= Logical access control =

In computers, logical access controls are tools and protocols used for identification, authentication, authorization, and accountability in computer information systems. Logical access is often needed for remote access of hardware and is often contrasted with the term "physical access", which refers to interactions (such as a lock and key) with hardware in the physical environment, where equipment is stored and used.

== Models ==
Logical access controls enforce access control measures for systems, programs, processes, and information. The controls can be embedded within operating systems, applications, add-on security packages, or database and telecommunication management systems.

The line between logical access and physical access can be blurred when physical access is controlled by software. For example, entry to a room may be controlled by a chip and PIN card and an electronic lock controlled by software. Only those in possession of an appropriate card, with an appropriate security level and with knowledge of the PIN are permitted entry to the room. On swiping the card into a card reader and entering the correct PIN code.

Logical controls, also called logical access controls and technical controls, protect data and the systems, networks, and environments that protect them. In order to authenticate, authorize, or maintain accountability a variety of methodologies are used such as password protocols, devices coupled with protocols and software, encryption, firewalls, or other systems that can detect intruders and maintain security, reduce vulnerabilities and protect the data and systems from threats.

Businesses, organizations and other entities use a wide spectrum of logical access controls to protect hardware from unauthorized remote access. These can include sophisticated password programs, advanced biometric security features, or any other setups that effectively identify and screen users at any administrative level.

The particular logical access controls used in a given facility and hardware infrastructure partially depend on the nature of the entity that owns and administrates the hardware setup. Government logical access security is often different from business logical access security, where federal agencies may have specific guidelines for controlling logical access. Users may be required to hold security clearances or go through other screening procedures that complement secure password or biometric functions. This is all part of protecting the data kept on a specific hardware setup.

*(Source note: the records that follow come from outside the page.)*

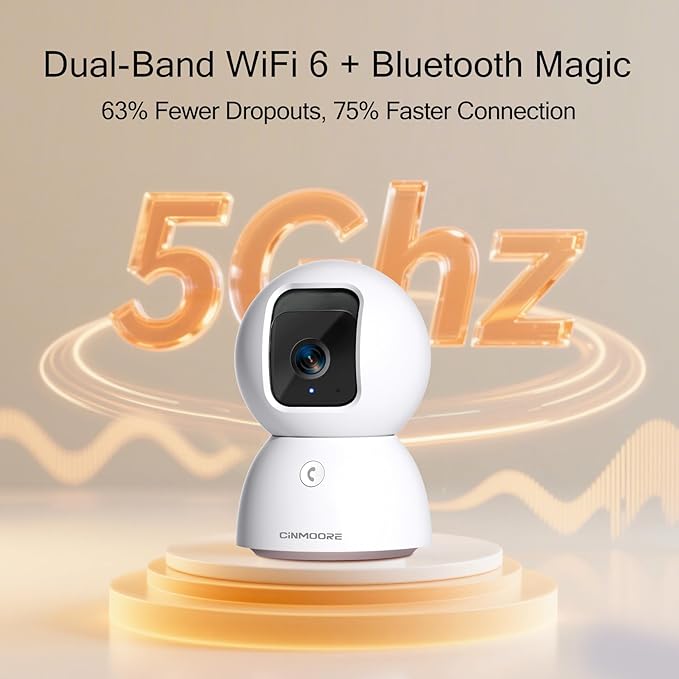 3K Pet/Dog Camera Indoor w/Phone App, No Monthly Fee 64GB Local Storage &amp; AI Tracking Face ID, 2.4/5GHz WiFi Cameras for Home Security Baby Monitor, Pan/Tilt, 2-Way Talk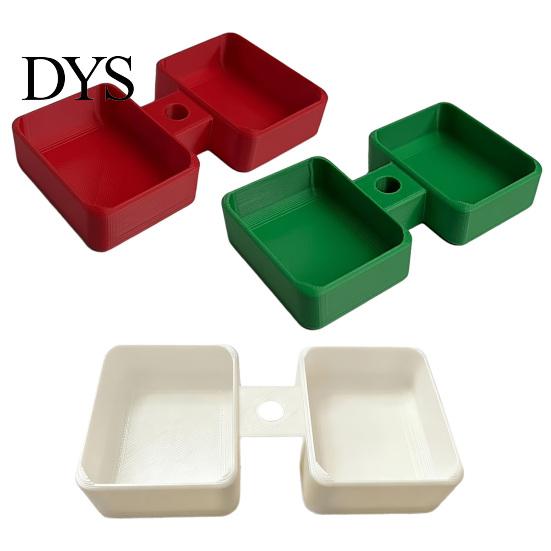 Car Interior Accessories 3D Printed Cup Holder Condiment Tray, 2 Compartment Dip Sauce Dispenser for Container with Straw Hole, Universal Vehicle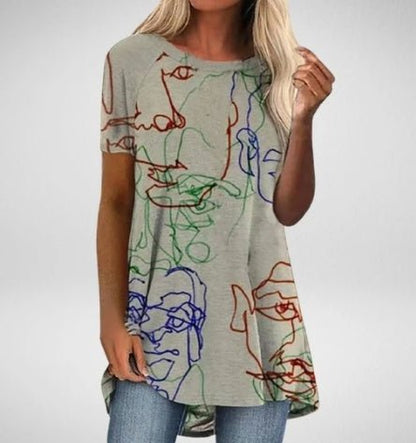 Summer Graffiti Print Short - Sleeved Round Neck Mid - Length T-Shirt Women - Xandu Limited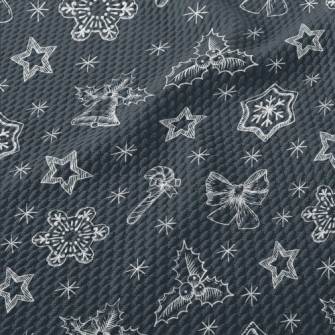 Simple Lines Of Christmas Item Birdseye Piqué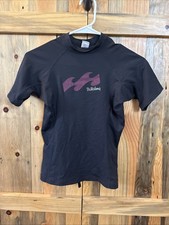 Pre-Owned Sz M Spandex/Nylon Billabong Youth Short Sleeve Rash Guard Black 1O 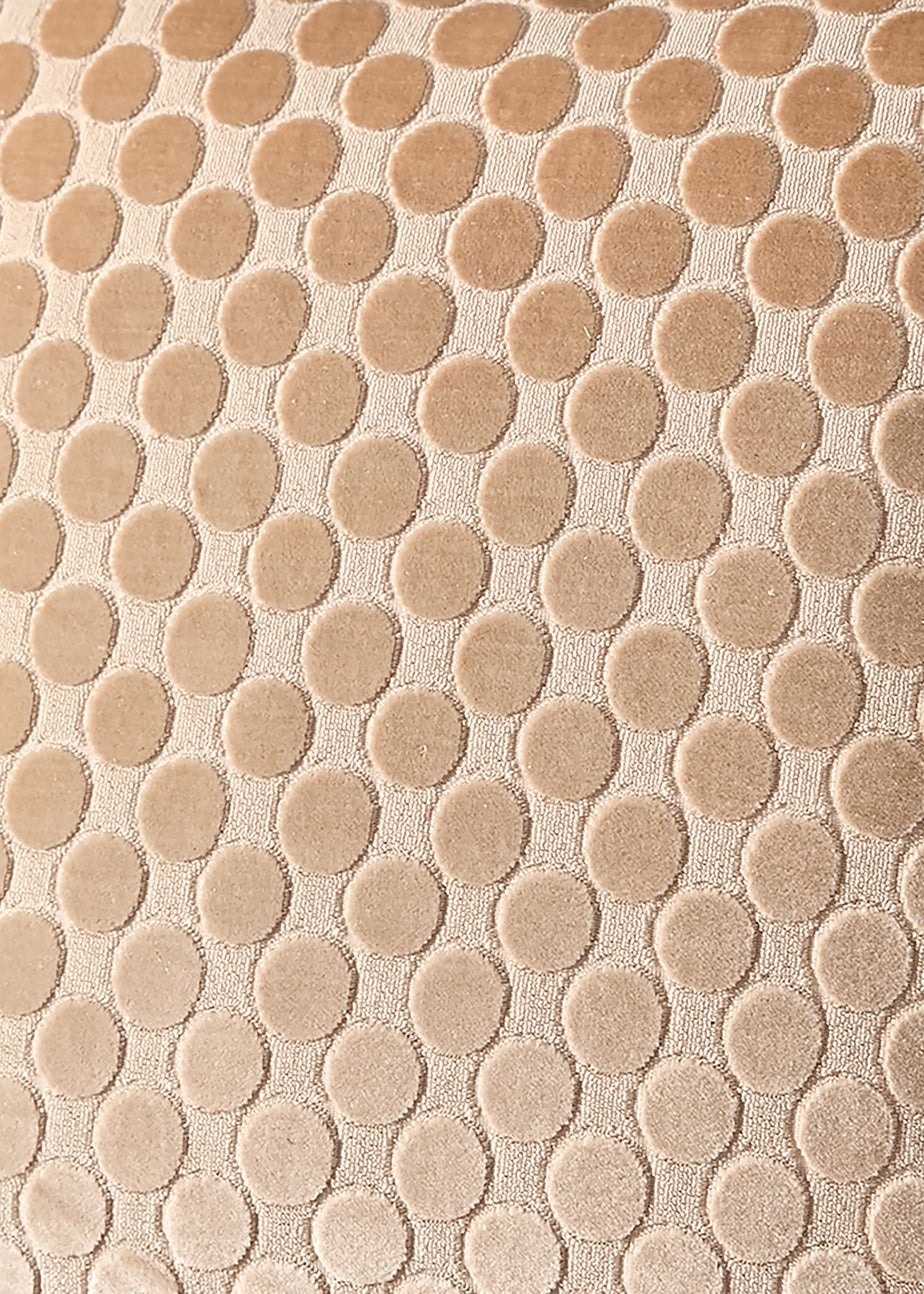 Soiree Velvet Spot Velvet Natural Filled Cushion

Militaries and governments use logical access biometrics to protect their large and powerful networks and systems which require very high levels of security. It is essential for the large networks of police forces and militaries where it is used not only to gain access but also in six main essential applications. Without logical access control security systems highly confidential information would be at risk of exposure.

There is a wide range of biometric security devices and software available for different levels of security needs. There are very large complex biometric systems for large networks that require absolute airtight security and there are less expensive systems for use in office buildings and smaller institutions.